The data tell a sorry tale. From the recent Global Burden of Disease Study report:, American men spend 11 of their 76-year average lifespan expectancy sick or disabled. For American women, it’s 13 years of your 81-year life expectancy sick or disabled.

This is really a shame. Especially because the bad habits that lead us toward illness or disability aren’t forced on us. We choose them.

A recent Danish study, along with other studies over the past decade, found that the longer your telomeres, the lower your risk of cancer, stroke, dementia, cardiovascular disease, obesity, osteoporosis, and diabetes—and the fewer your risks of death from any cause.

So, how do you lengthen and preserve your telomeres? Great question.

A study of nearly 5,000 middle-aged and older women, over nearly a decade, found that those who most closely followed a Mediterranean-type diet had the longest telomeres in their age group.
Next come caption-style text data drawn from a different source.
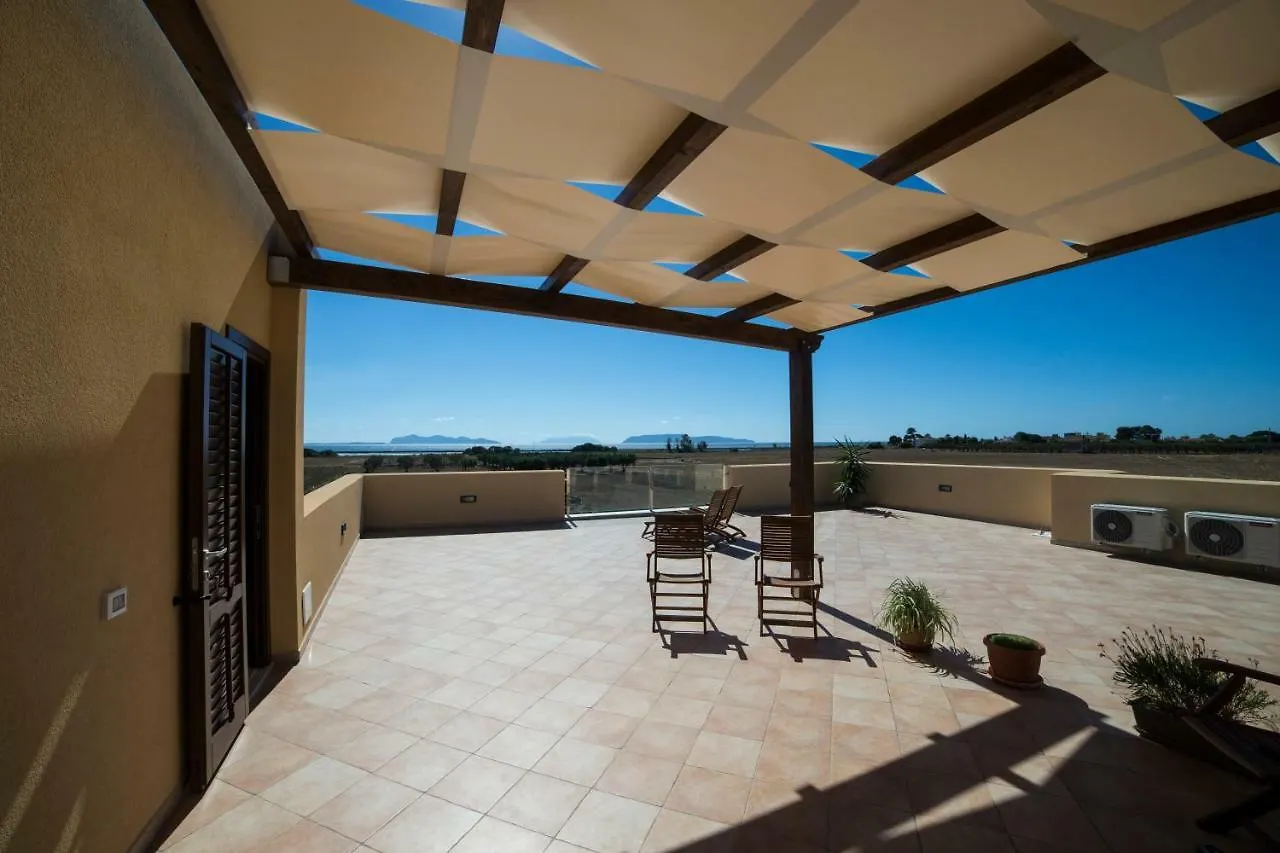 Bed and Breakfast Raggio Di Sale Trapani Bed & Breakfast
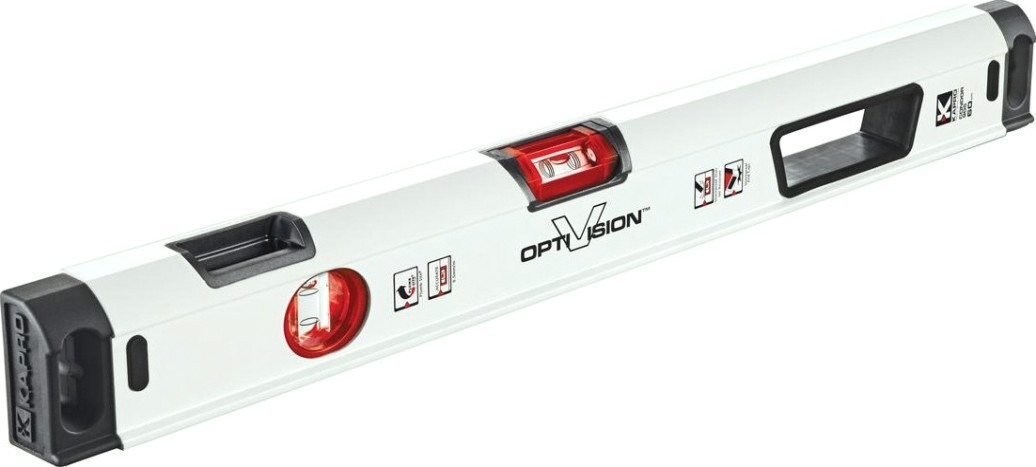 Уровень строительный KAPRO OPTI-VISION CONDOR 905-40 200 см [905-40-200]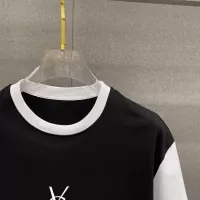Cheap Yves Saint Laurent YSL T-shirts Short Sleeved For Men #1328782 Replica Wholesale [$92.00 USD] [ITEM#1328782] on Replica Yves Saint Laurent YSL T-shirts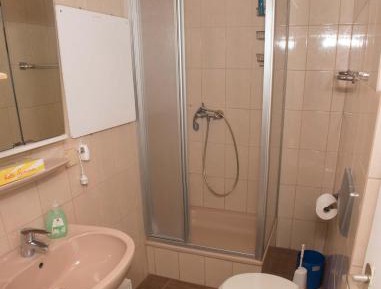 Double Room with Shared Bathroom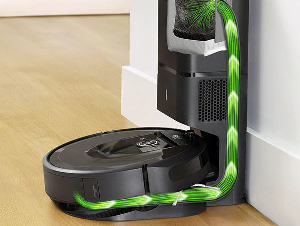 iRobot 创始人 Colin Angle：自动集尘系统的新品扫地机器人 Roomba i7+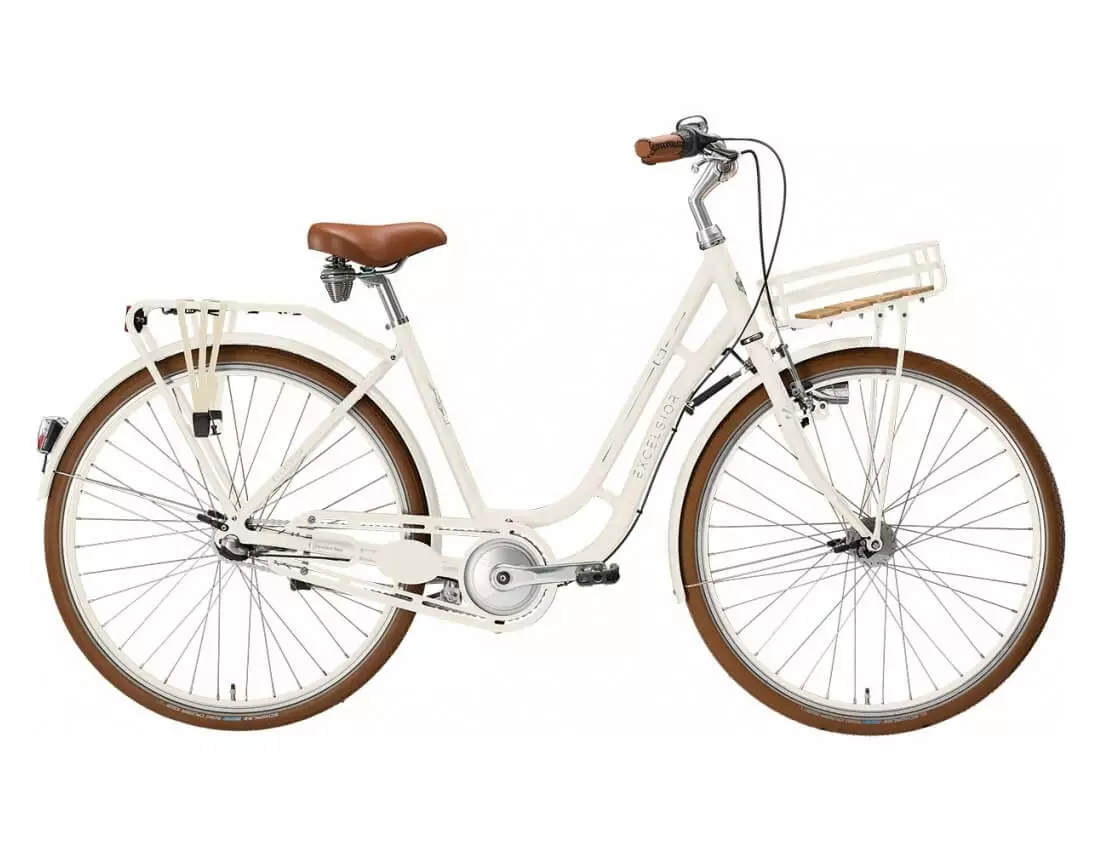 Women’s Bike Excelsior Juicy, 28-inch, 7 Gears 1 Women’s Bike Excelsior Juicy, 28-inch, 7 Gears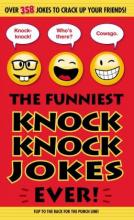 Cover image of The funniest knock knock jokes ever!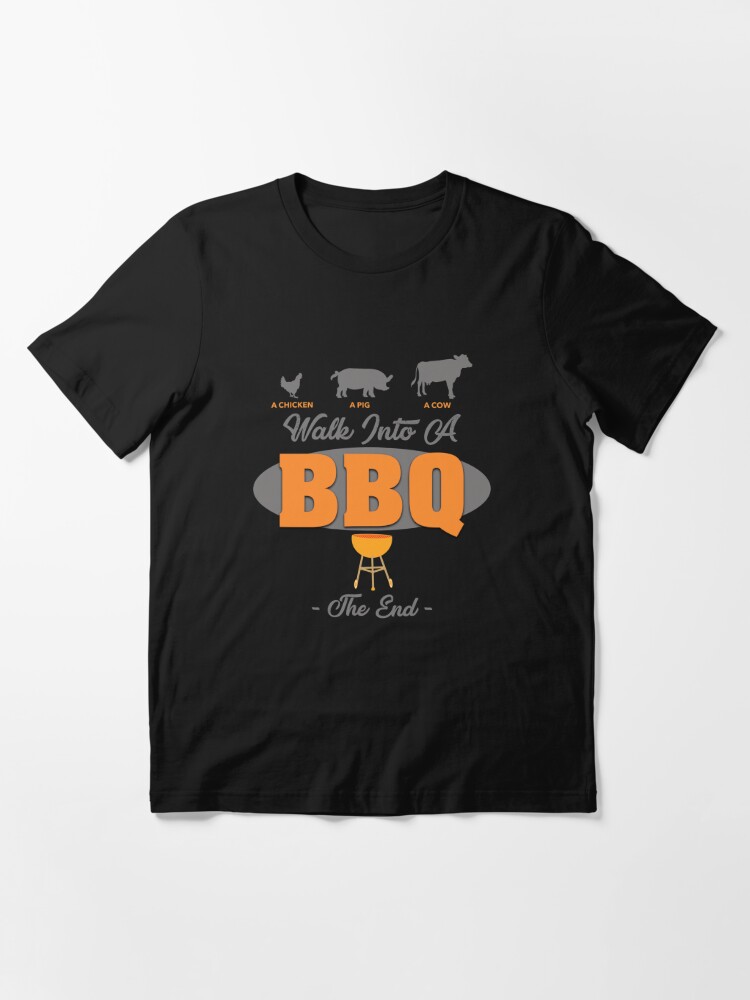 custom bbq t shirts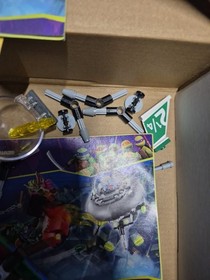 LEGO Teenage Mutant Ninja Turtles: T-Rawket Sky Strike (79120)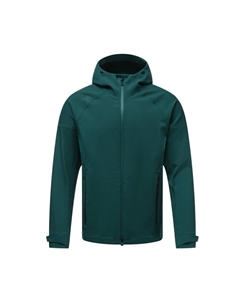 Тренировочная спортивная куртка, DG-DARK GREEN Descente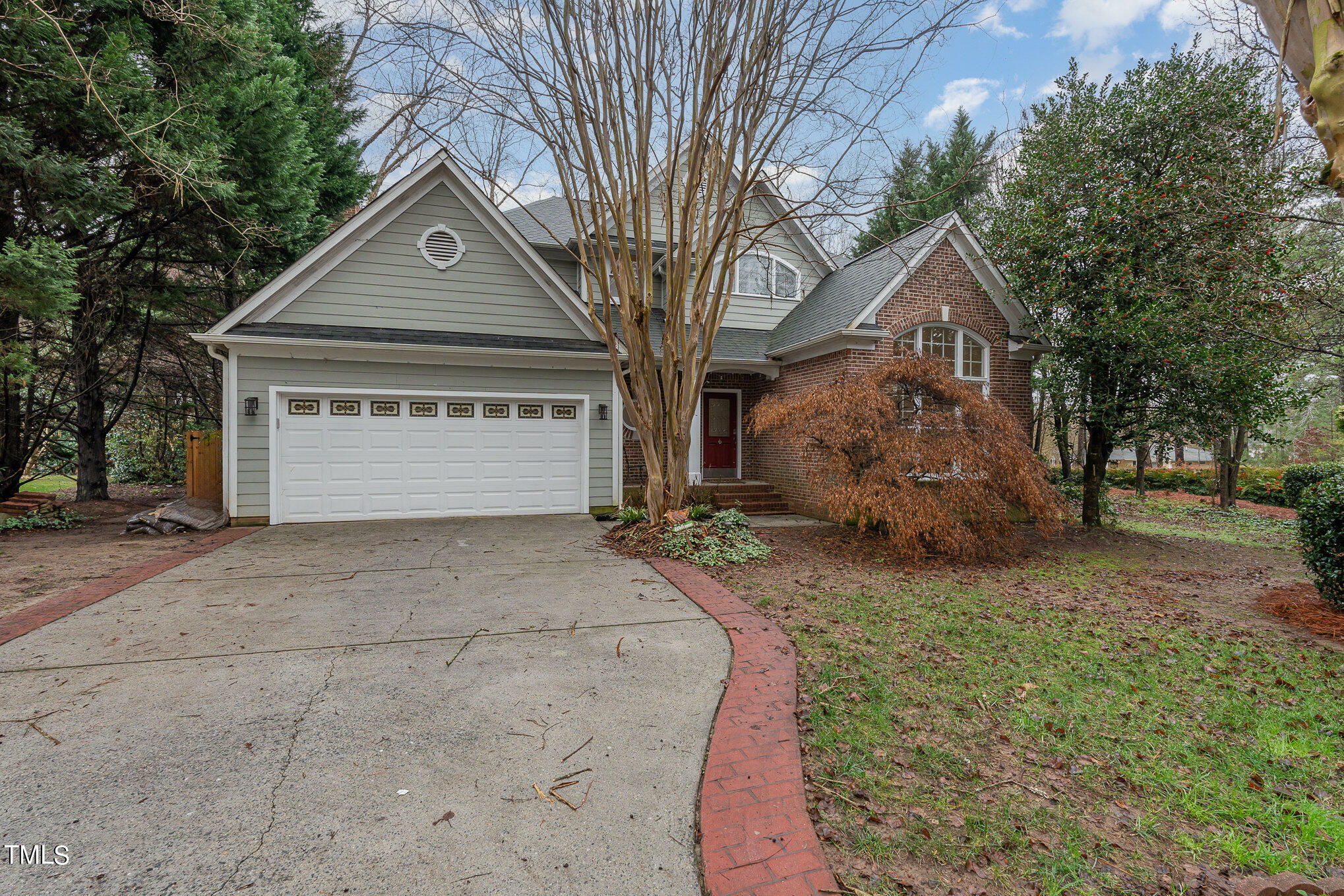 Property Photo:  8517 Evans Mill Place  NC 27613 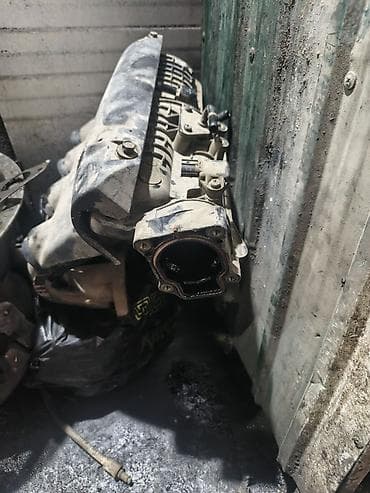 запчасти на фит мотор: Коллектор Honda Оригинал — 1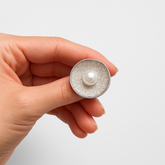 BAGUE ALBA PERLE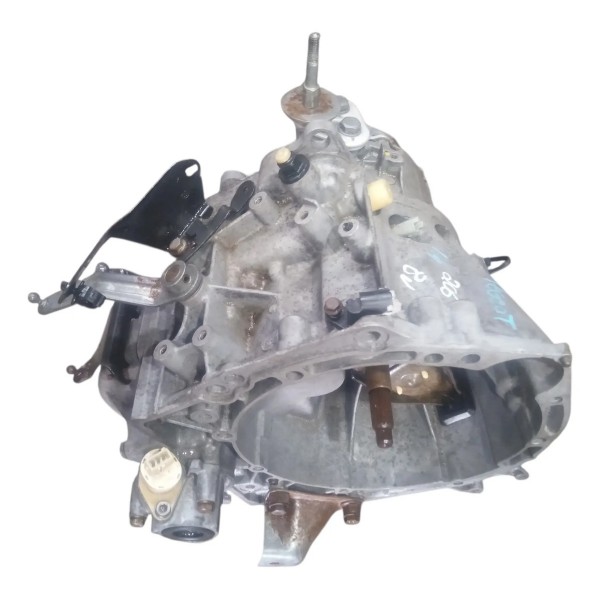Caixa De Marcha Cambio Peugeot 206 207 1.4 8v 2008 Usado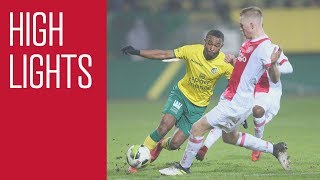 Highlights Fortuna Sittard  Jong Ajax [upl. by Treat]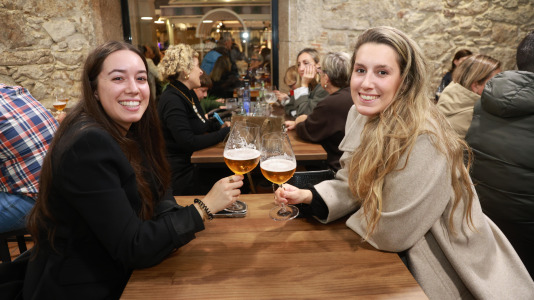 Marty, nuevo local en María Pita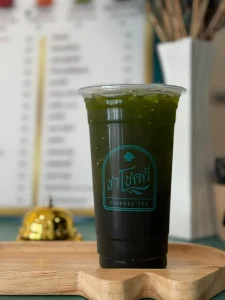 ชาโชคดี Chokdee Tea -2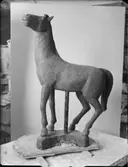 HÄST: INA HOS VIDELIUS GIPSGJUTARE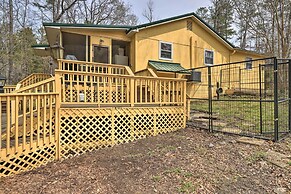 Lakefront Sparta Home w/ Private Pool & Dock!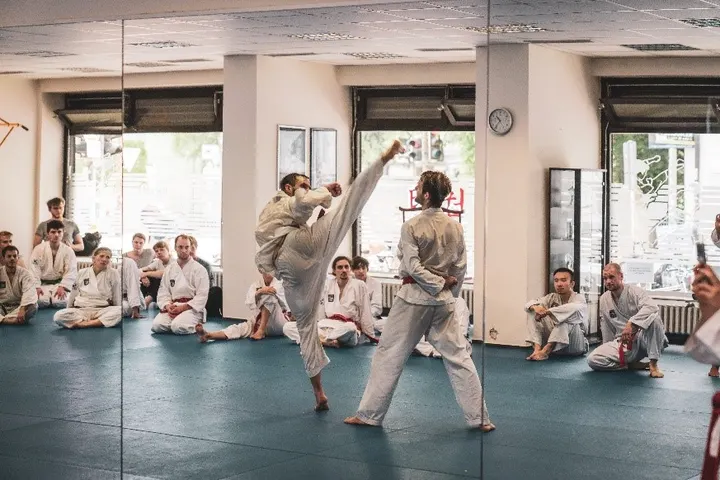 Traditional Taekwon-Do Center Freiburg — kampfsport-studio in Freiburg im Breisgau — 3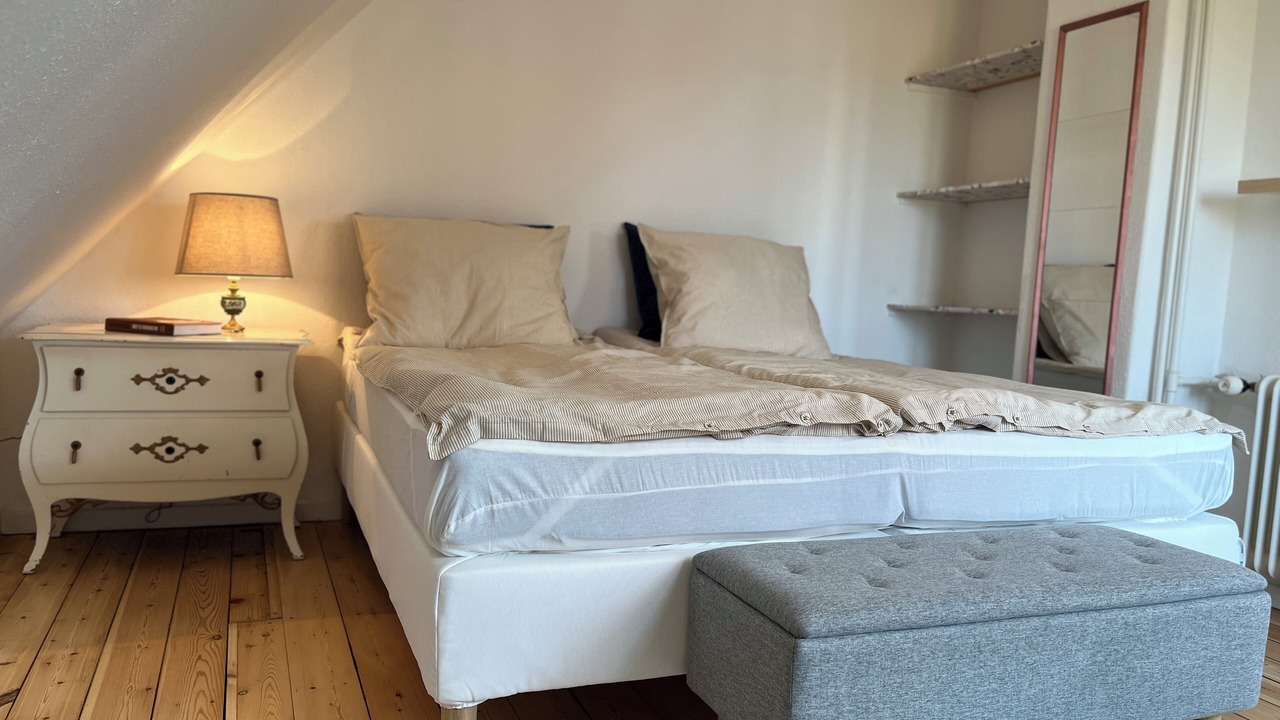 Photo of Bedroom in Rudkobing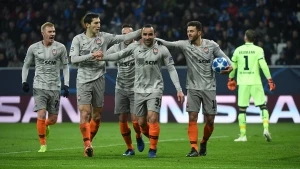 Shakhtar Donetsk 3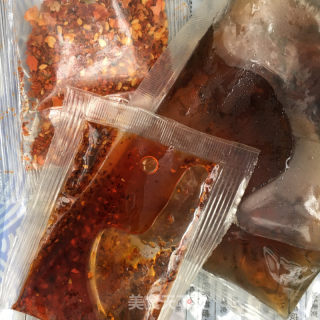 “面食”韓式冷面的做法步驟：7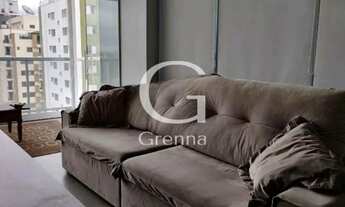 Imagem 2: Cobertura para locação com 100m², 2 quartos e 2 vagas em Pinheiros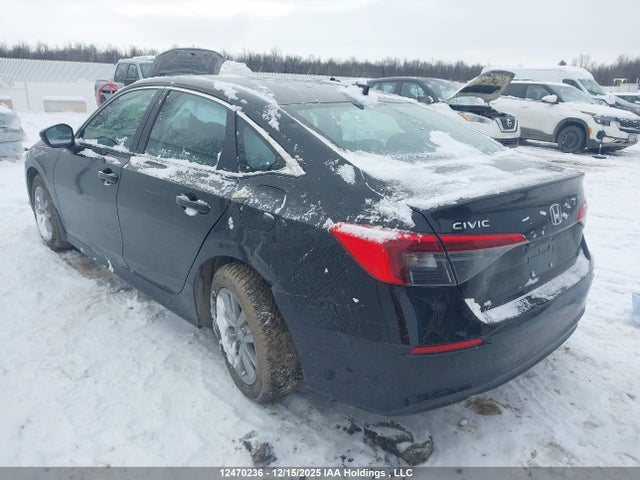 Продаж на аукціоні авто 2022 Honda Civic Ex 4dr, vin: 2HGFE2F39NH125818, номер лоту: 12470236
For every one-point increase in diet adherence score, telomere length increased by the equivalent of 1.5 years. That is, their life expectancy increased by a year and a half.

Another study, of 100 sedentary, overweight, middle-aged and older men and women, found similar results attributable to taking daily fish oil supplements. Every one-point improvement in their omega-6 to omega-3 ratios corresponded with telomeres the length of someone one year younger.

More support?

A study published in the prestigious Journal of the American Medical Association (JAMA), found that people with the highest blood omega-3s had much slower telomere shortening.

New Year’s resolution? Make it long.

If you’re not already taking a fish oil supplement, this should convince you to start. And if you’re not already following the Mediterranean lifestyle, ditto.

Other habits that I think are highly likely to improve telomere length cover all of the Health 101 basics: stress management, weight loss, stopping smoking, better sleep patterns, and getting help for mental health disorders.

For now, my recommendations are these:

  1. Mediterranean diet, pronto
  2. Moderate exercise, like a 30 minute walk every day (if you’re new to exercise, work your way up from 10 minutes a day)
  3. Gentle stretching, yoga, or meditation 60 minutes daily
  4. Supportive social activities, group meetings

I wish you happy longer telomeres, longer healthspan, and long life!